Source material:
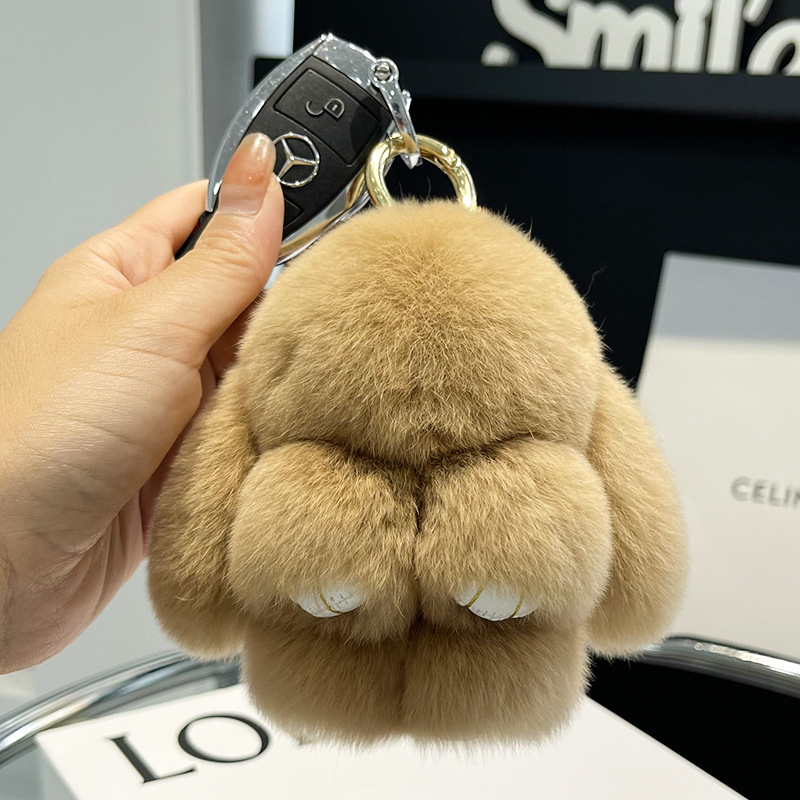 Bunny Keychain Charm - Image 8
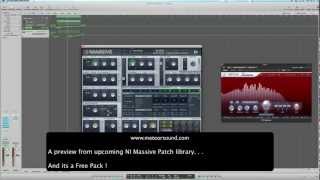 NI Massive Patch Library Demo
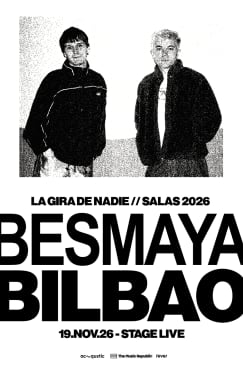 Gira Besmaya in Bilbao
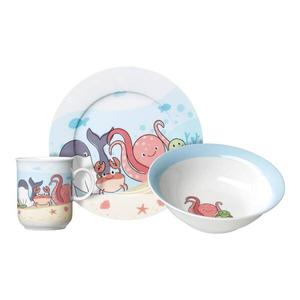 Детская посуда подводный мир 3 шт. Ritzenhoff, мультколор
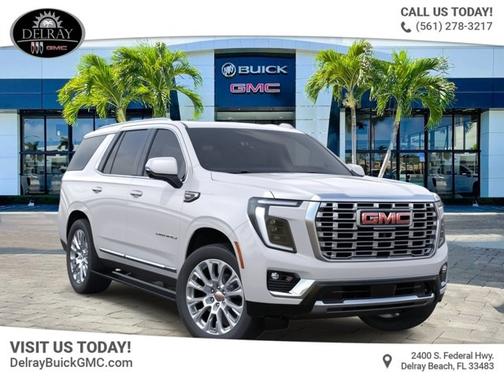2025 GMC Yukon Denali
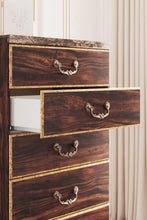 Load image into Gallery viewer, Glosmount Chest of Drawers
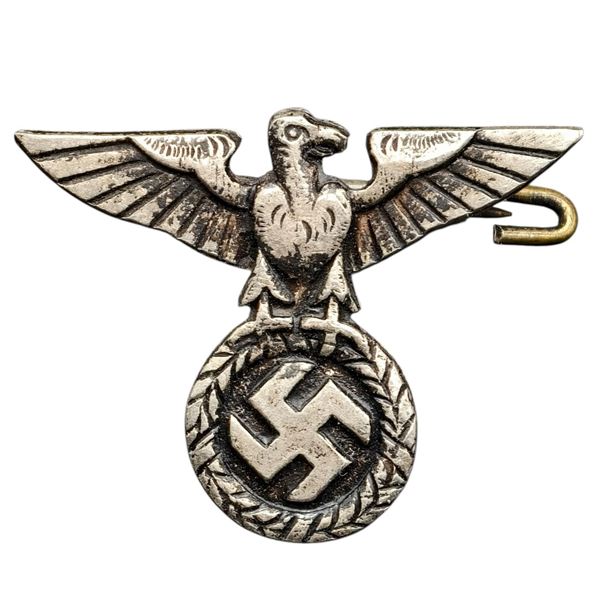 German WWII NSDAP Eagle Pin Badge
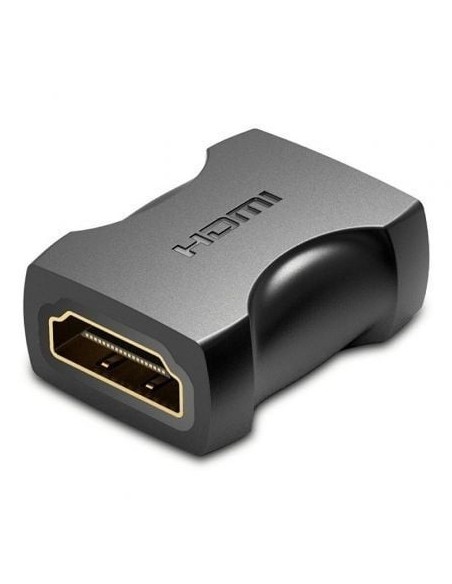 Adaptador HDMI 4K Vention AIRB0-2/ HDMI Hembra - HDMI Hembra/ Pack 2 Uds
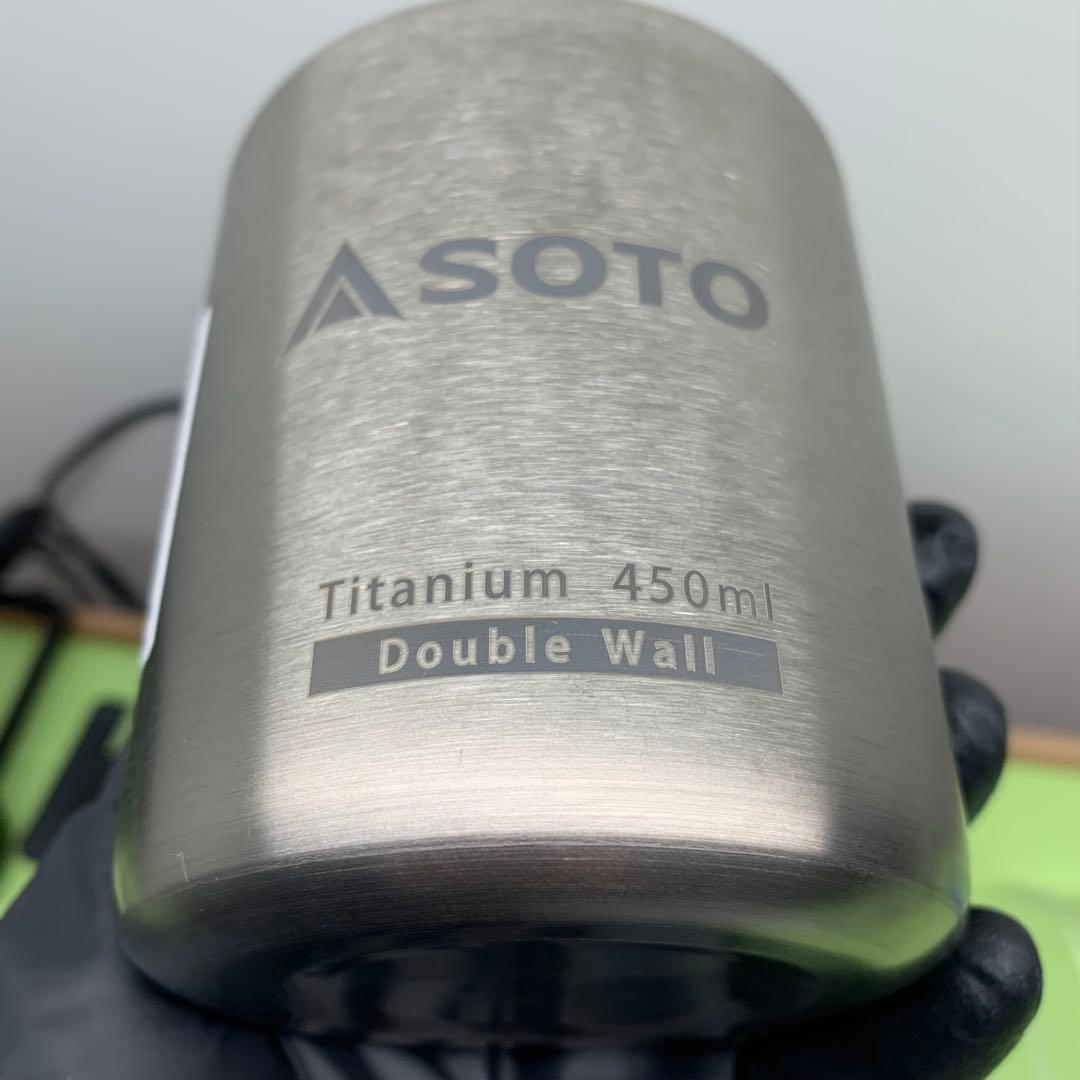 【希少品】SOTO | AEROMUG 450 & 120 & more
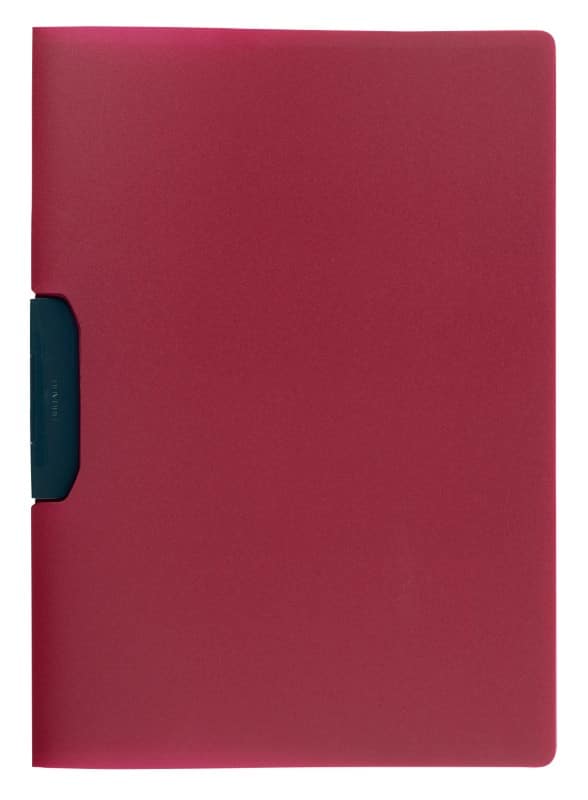 DURABLE Klemmmappe Duraswing DIN A4 Rot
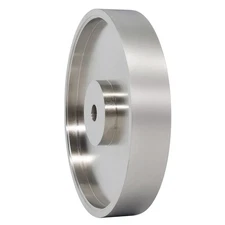 AHRYLXY 6" CBN Grinding Wheel 1000 Grit 1" Wide HSS Tool Sharpening Diamond Whee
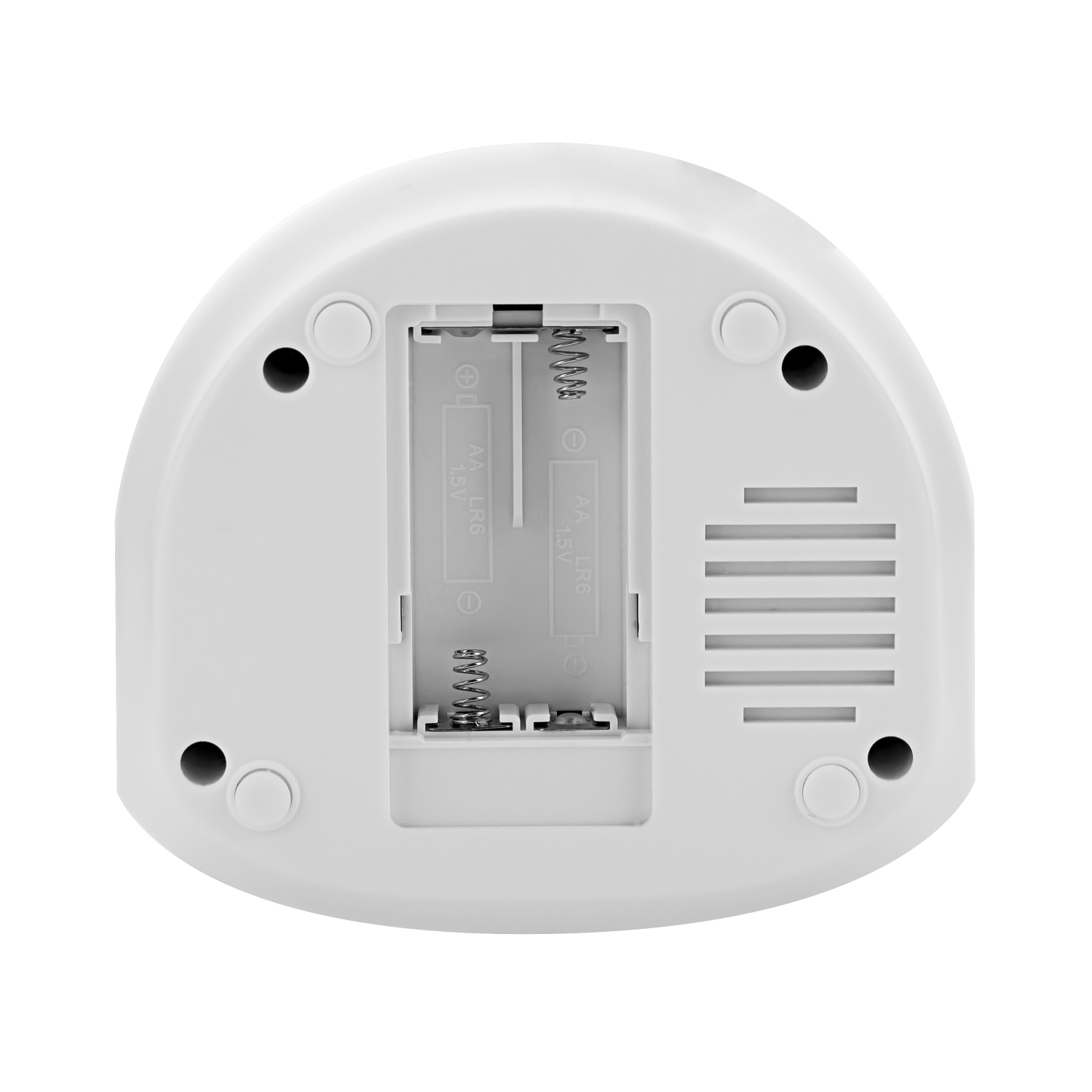 Radio-réveil AM/FM numérique de Magnasonic avec batterie de secours, alarme double, veille/rappel d'alarme, option d'atténuation de l'affichage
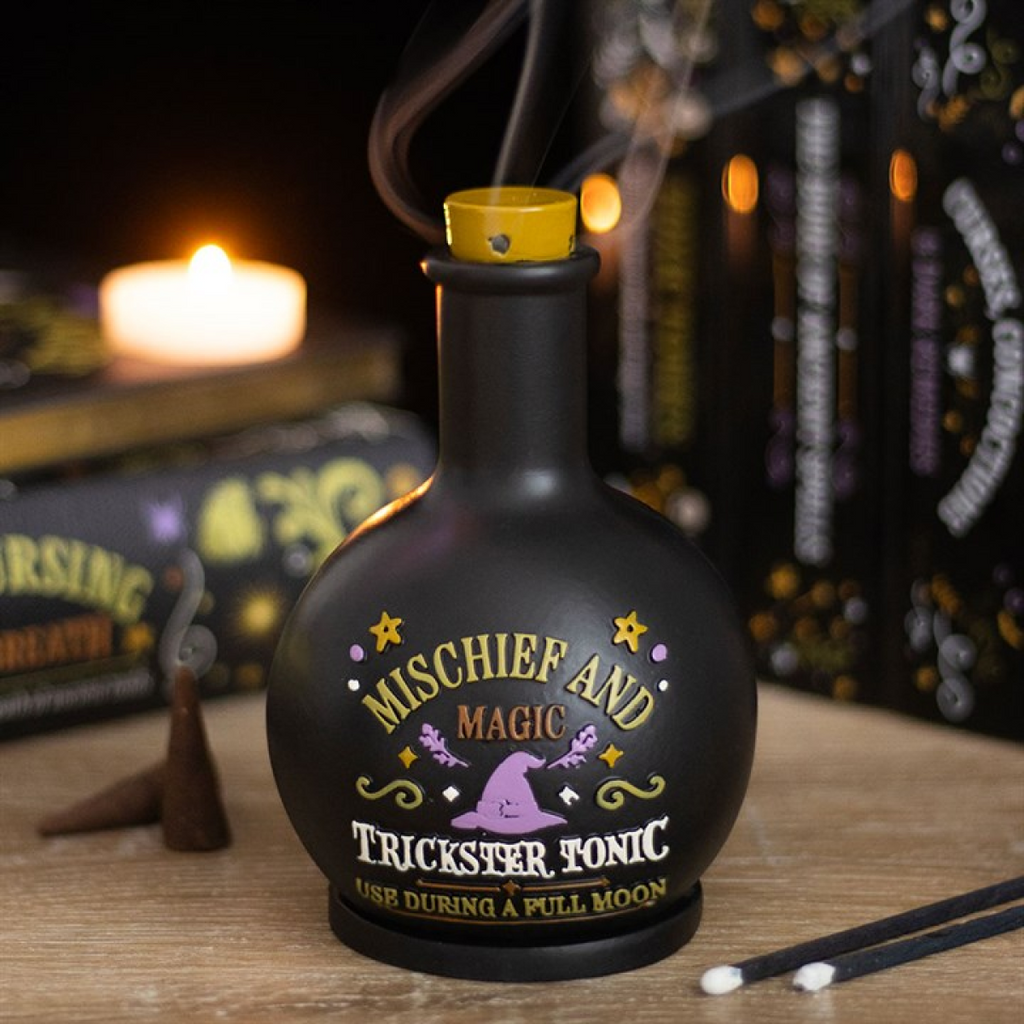 Mischief and Magic Potion Bottle Incense Cone Holder 🇬🇧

Task requirements:
Where the line containing "Sharpening Diamond Whee" appears above, start there and set down each line exactly through the last line of the data; leave out every picture.

The completed task:
 AHRYLXY 6" CBN Grinding Wheel 1000 Grit 1" Wide HSS Tool Sharpening Diamond Whee
 Radio-réveil AM/FM numérique de Magnasonic avec batterie de secours, alarme double, veille/rappel d'alarme, option d'atténuation de l'affichage
 Mischief and Magic Potion Bottle Incense Cone Holder 🇬🇧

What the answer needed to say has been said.